Data for processing below:

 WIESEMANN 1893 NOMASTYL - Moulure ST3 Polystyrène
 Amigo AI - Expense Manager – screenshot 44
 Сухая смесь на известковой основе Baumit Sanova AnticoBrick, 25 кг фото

End of Data for processing.
Data for processing below:

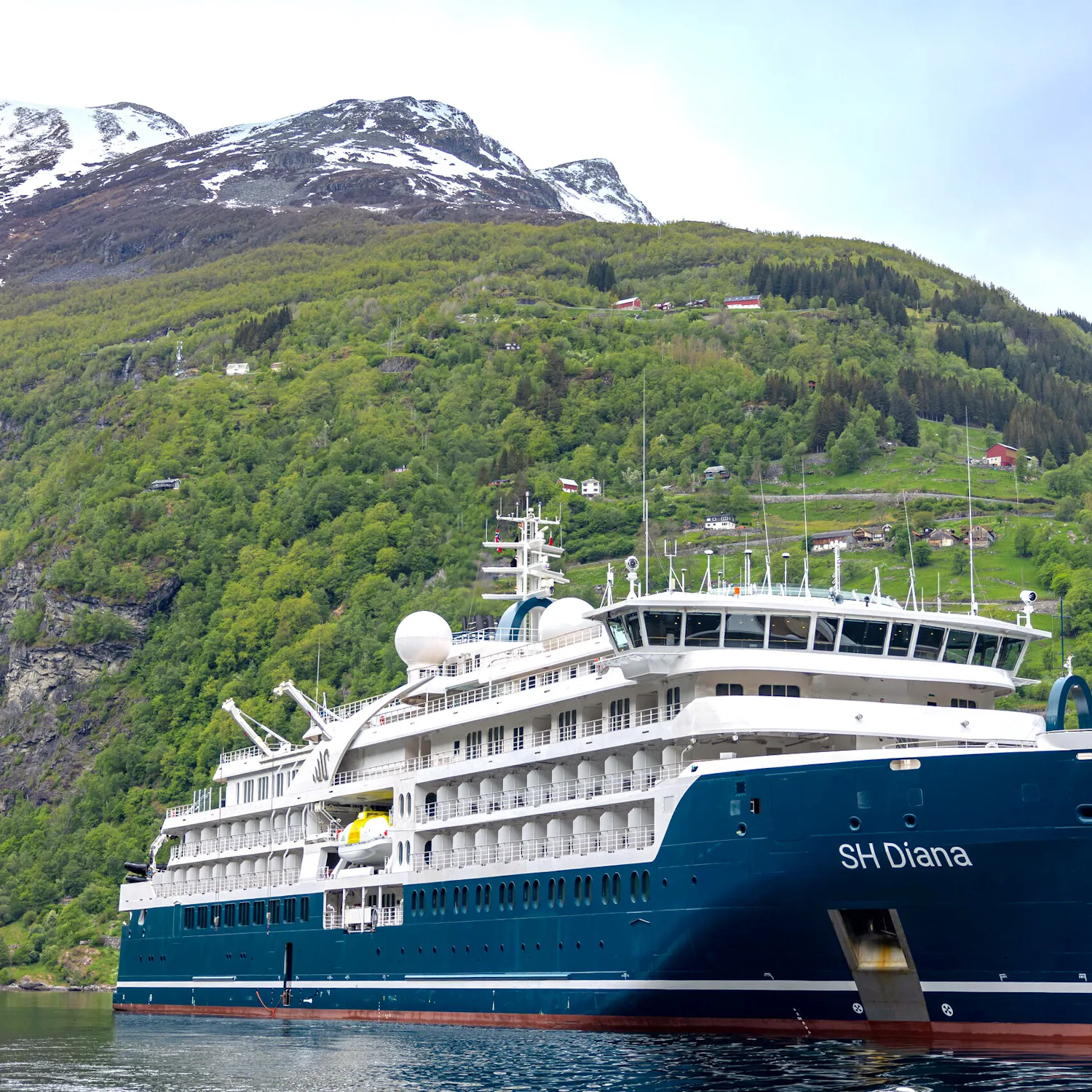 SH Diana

End of Data for processing.
Data for processing below:

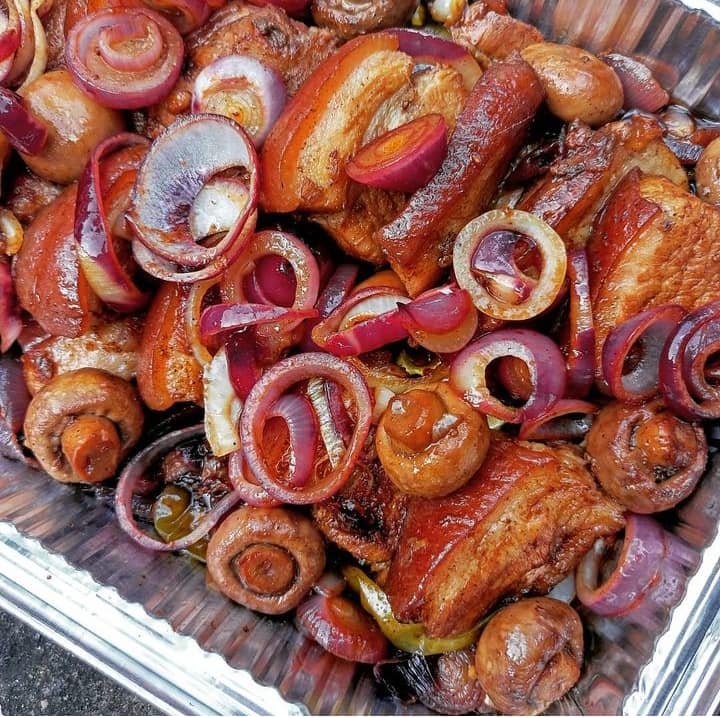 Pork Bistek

End of Data for processing.

**Work to complete**:
Only the lines above from the line containing "WIESEMANN 1893 NOMASTYL" through the line containing "Сухая смесь на" should be retyped, exactly and with both ends included.

**Solution to the problem**:
 WIESEMANN 1893 NOMASTYL - Moulure ST3 Polystyrène
 Amigo AI - Expense Manager – screenshot 44
 Сухая смесь на известковой основе Baumit Sanova AnticoBrick, 25 кг фото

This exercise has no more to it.